= Mai Al-Nakib =

Author of Short stories

Mai Al-Nakib (born 1970) is a writer from Kuwait. She is author of The Hidden Light of Objects, a collection of linked short stories published by Bloomsbury in 2014. The collection won the Edinburgh International Book Festival's 2014 First Book Award, the first collection of short stories to win. Her short stories have appeared in Ninth Letter, The First Line and the anthology Novel of the World. Two of her stories received honorable mention in Glimmer Train competitions. The Hidden Light of Objects is her first collection of short stories.

== Biography ==
Al-Nakib was born in Kuwait in 1970 and spent the first six years of her life in London, Edinburgh, and St.
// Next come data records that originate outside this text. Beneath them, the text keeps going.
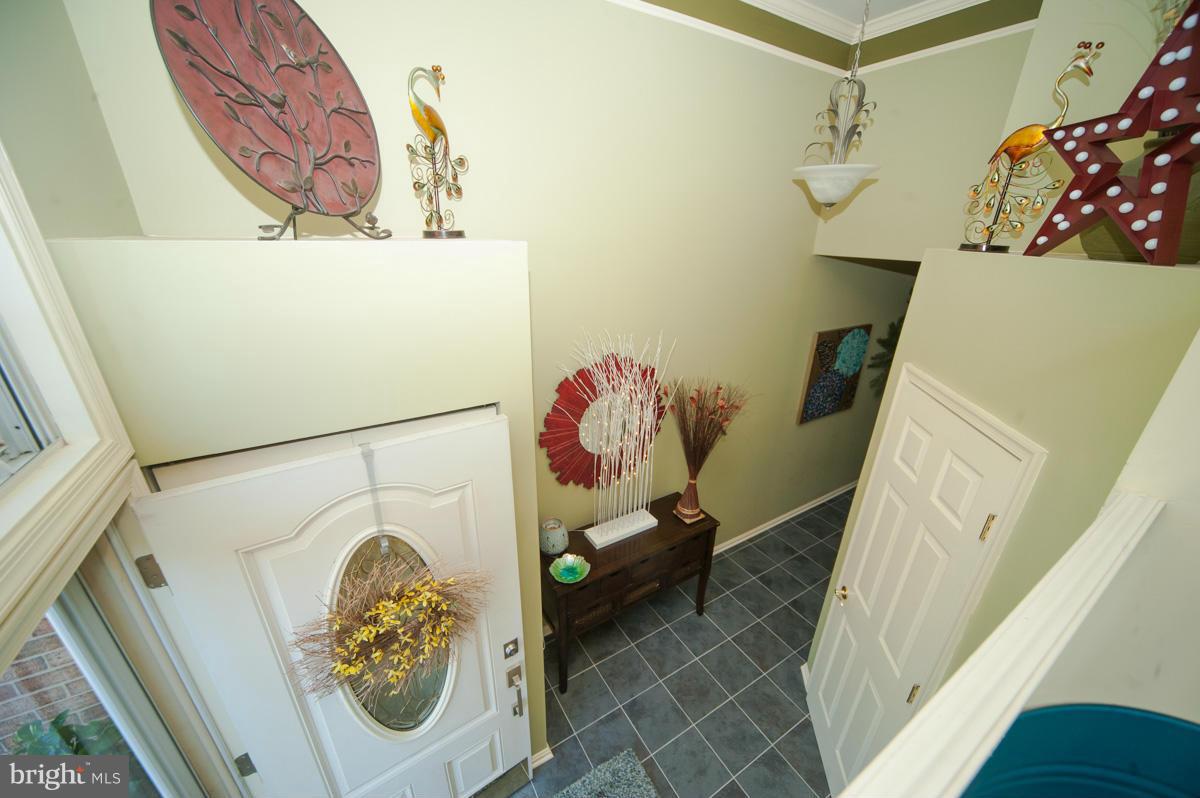 1353 Riverwood Way Curtis Bay, MD 21226 - Photo 6 of 29 Interior (General)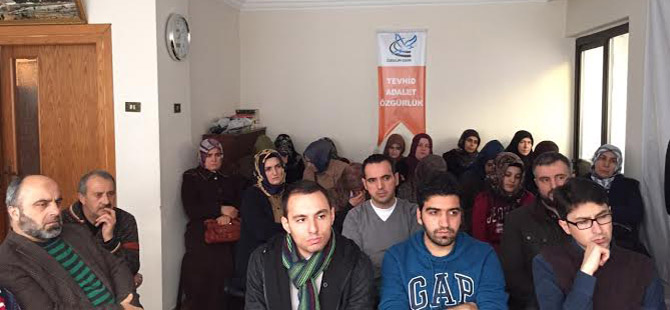 ankara04.jpg ankara04.jpg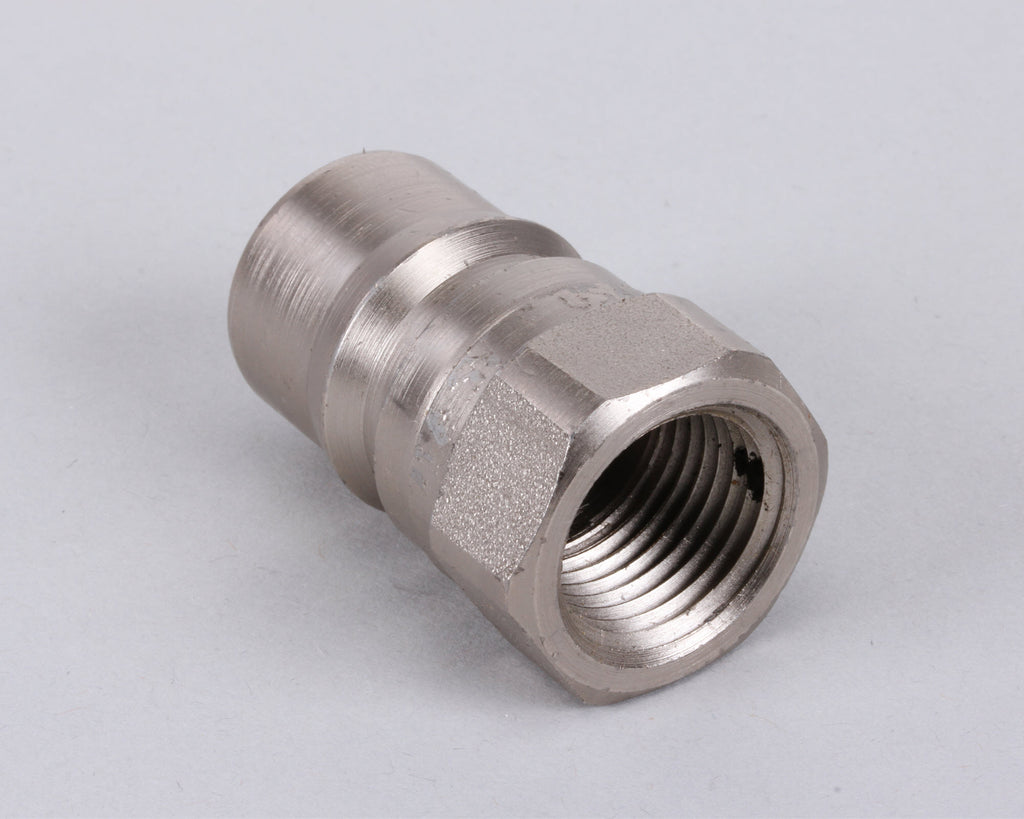 FRYMASTER PARTS 8100487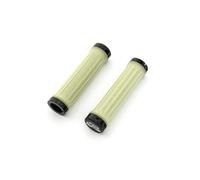 Bouton de verrouillage rapide Traction en aramide RENTHAL G213 boutons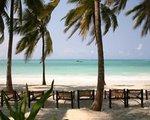 Karafuu Beach Resort & Spa, Zanzibar - all inclusive last minute odmor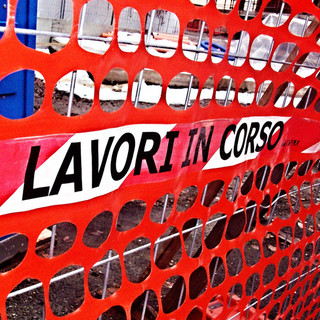 Viabilità, modifiche dal 23 agosto alla rotonda Maroncelli e in corso Telesio Viabilità, modifiche dal 23 agosto alla rotonda Maroncelli e in corso Telesio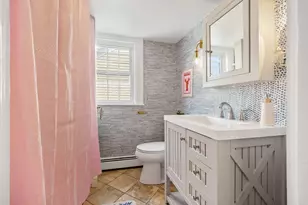 66 Summer St, Cohasset, MA 02025 - Photo 15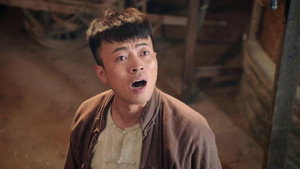 丁大命 1. évad Ep.4 4. epizód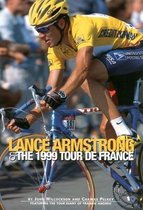 Lance Armstrong and the 1999 Tour de France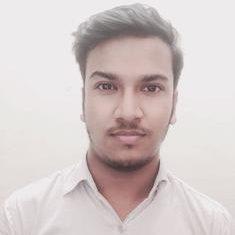 CS Varun Aggarwal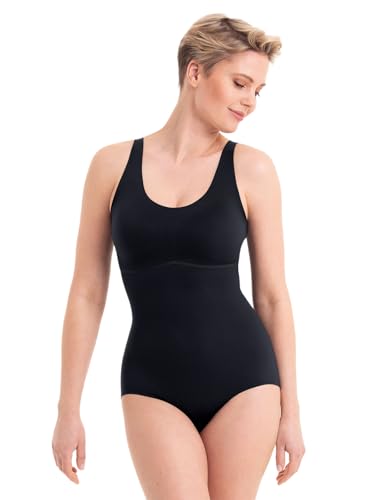 Anita Soft Body Essential 3554 Gr. XXL in schwarz von Anita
Louis, Missouri. She attended the American School of Kuwait. She holds a PhD in English literature from Brown University and is currently an associate professor of postcolonial studies and comparative literature at Kuwait University. Al-Nakib's academic research focuses primarily on cultural politics in the Middle East. She has written articles on Ghassan Kanafani, Assia Djebar and Yasmine Zahran, among others. She has also examined the history and importance of the Palestinian community in Kuwait. Al-Nakib lives and works in Kuwait.

==The Hidden Light of Objects==
The Hidden Light of Objects is composed of ten interlinked short stories; each story is preceded by a loosely related vignette. The stories deal with the capacity of everyday objects to trigger forgotten sensations and memories in the various characters and explore how this experience can affect the present and future. Erika Banerji has said that Al-Nakib has "compassion for an old, vanished world and [an] exceptional eye for the bruised landscape of the modern Middle East". All of the stories are connected to the Middle East in some way. While the stories engage familiar political events — the invasion of Kuwait by Iraq, the civil war in Lebanon, the situation in Palestine — the focus is on the everyday lives of ordinary people.

==An Unlasting Home==
Al-Nakib's first novel An Unlasting Home centers around a philosophy professor at Kuwait University, Sara, who is accused of blasphemy, a crime which carries a potential death penalty. A work of historical fiction, the book retraces a family's past and present through a multitude of characters.